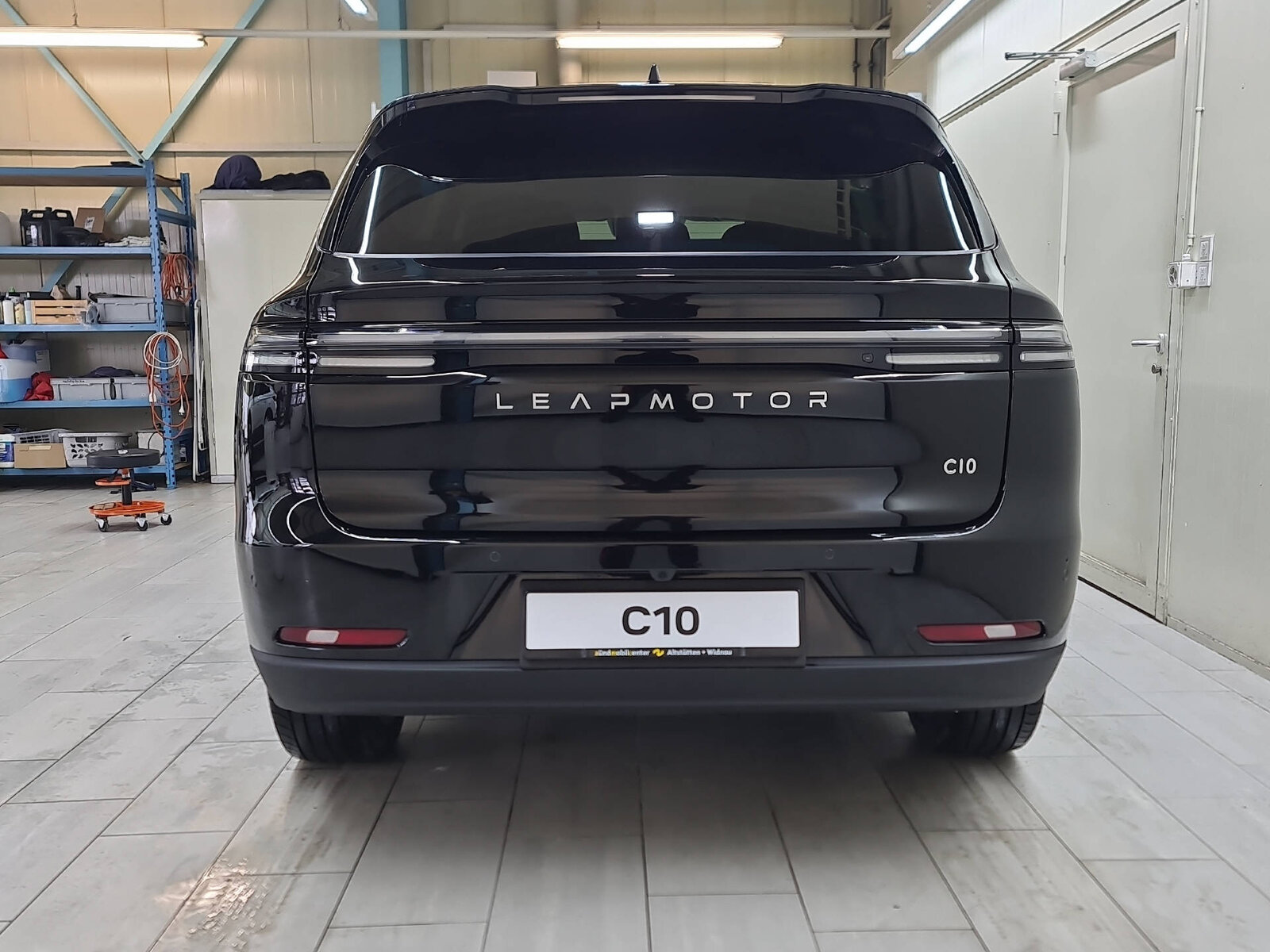 LEAPMOTOR C10 EV AWD 598 PS, Elektro, Neuwagen, Automatik - 4
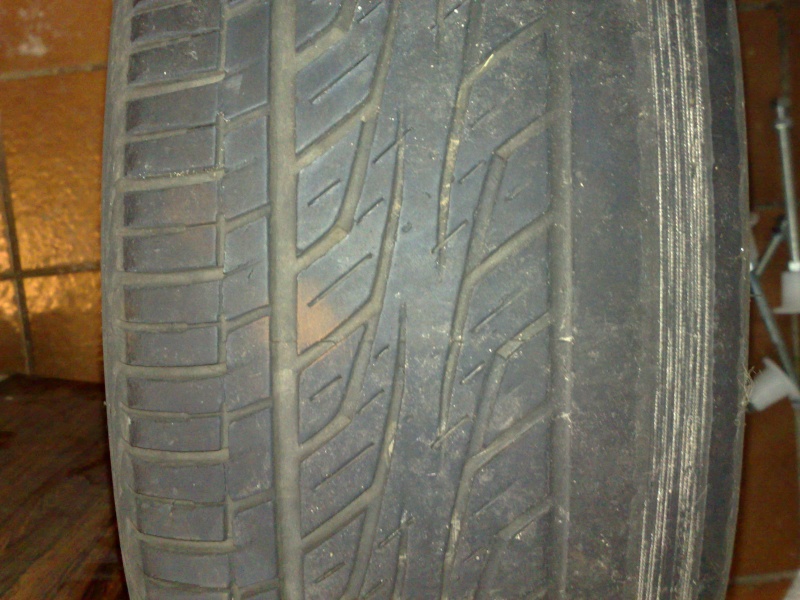 usure anormale pneu ar coté conducteur Pneu_u10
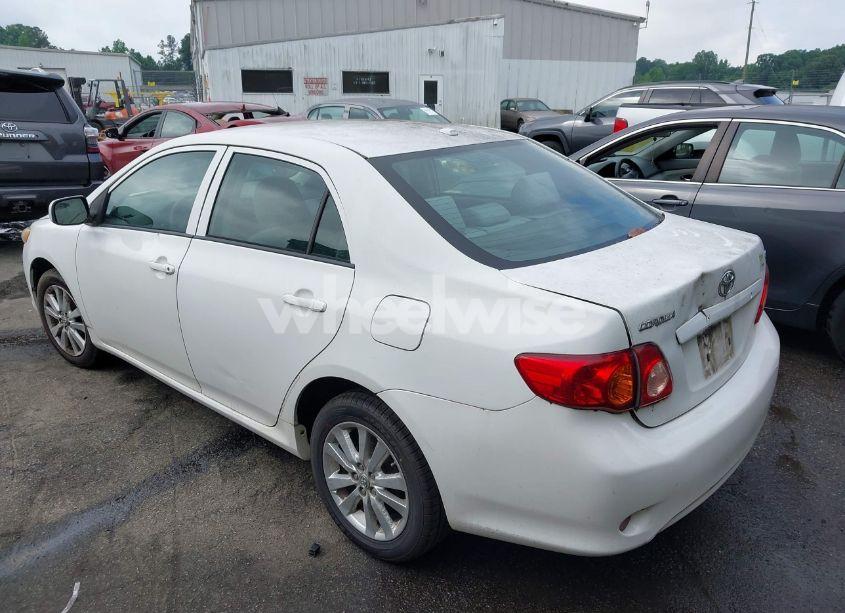 Photo 3 of 2010 Toyota Corolla LE (VIN 2T1BU4EE2AC290676)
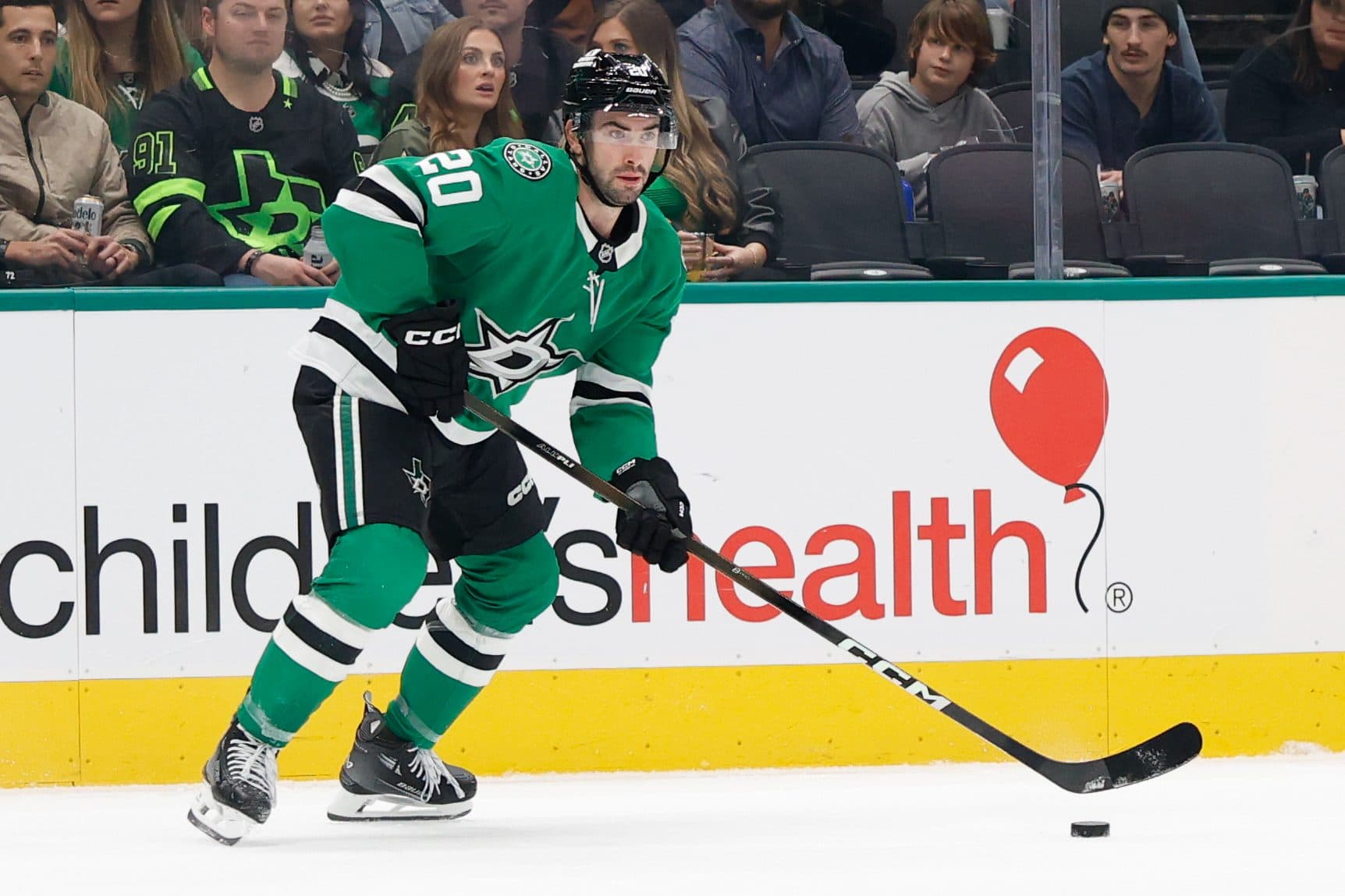 Stars sign Capobianco, Krys to two-year contract extensions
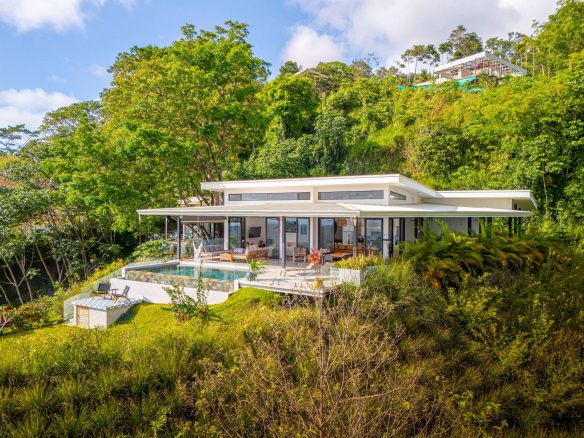 LUXURY PROPERTY IN THE MOUNTAIN CASA ROYAL, UVITA – 2.47 ACRES, Uvita, Costa Rica — photo 4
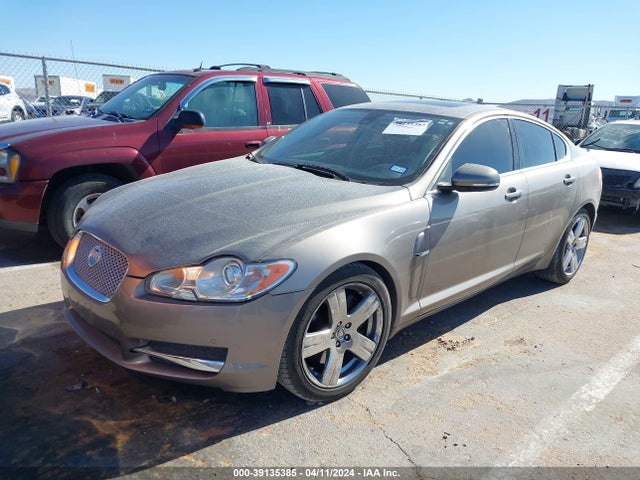 2011 JAGUAR XF SAJWA0FB8BLR87031 Photo 1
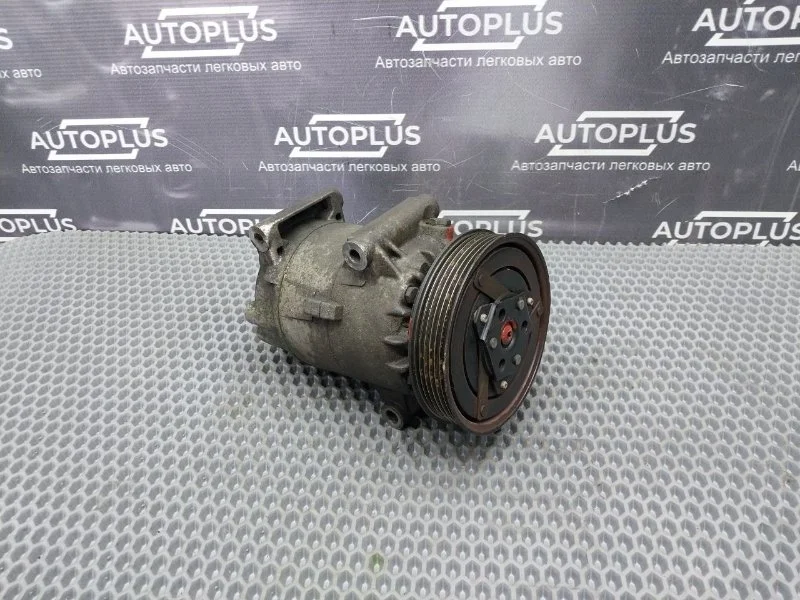 Компрессор кондиционера Renault Megane 2007 8200470242 СЕДАН K4M812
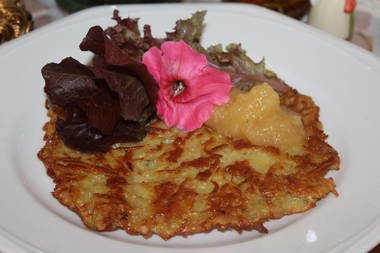 Kartoffelpuffer mit Bergkäse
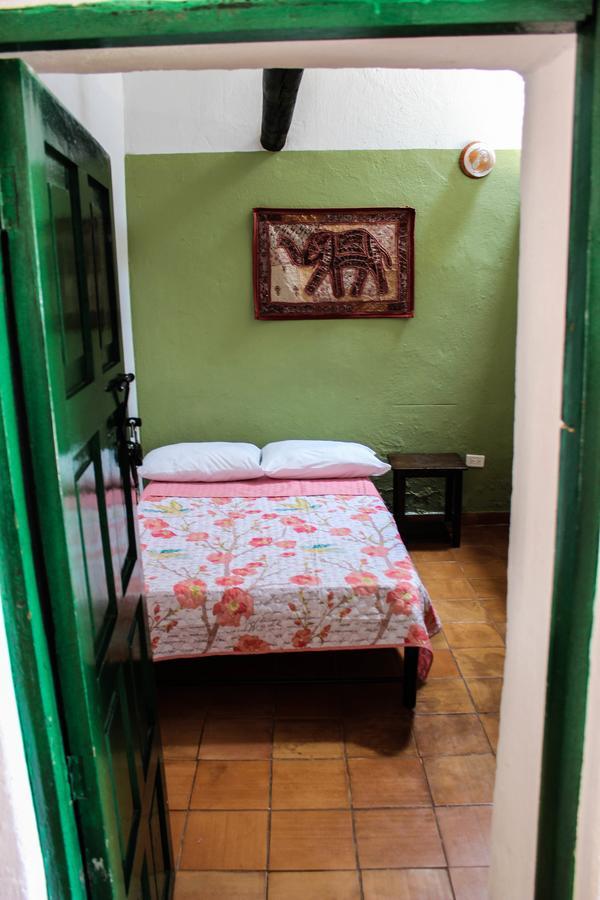 Las Golondrinas Hotel บียาเดเลย์บา ภายนอก รูปภาพ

=====

→ TASK GOAL:
Would you reproduce the listing above in full and exactly, without its pictures?

→ REPLY TO THE EXERCISE:
 LEAPMOTOR C10 EV AWD 598 PS, Elektro, Neuwagen, Automatik - 4
 usure anormale pneu ar coté conducteur Pneu_u10
 Photo 3 of 2010 Toyota Corolla LE (VIN 2T1BU4EE2AC290676)
 Stars sign Capobianco, Krys to two-year contract extensions
 LUXURY PROPERTY IN THE MOUNTAIN CASA ROYAL, UVITA – 2.47 ACRES, Uvita, Costa Rica — photo 4
 2011 JAGUAR XF SAJWA0FB8BLR87031 Photo 1
 Компрессор кондиционера Renault Megane 2007 8200470242 СЕДАН K4M812
 Kartoffelpuffer mit Bergkäse
 Las Golondrinas Hotel บียาเดเลย์บา ภายนอก รูปภาพ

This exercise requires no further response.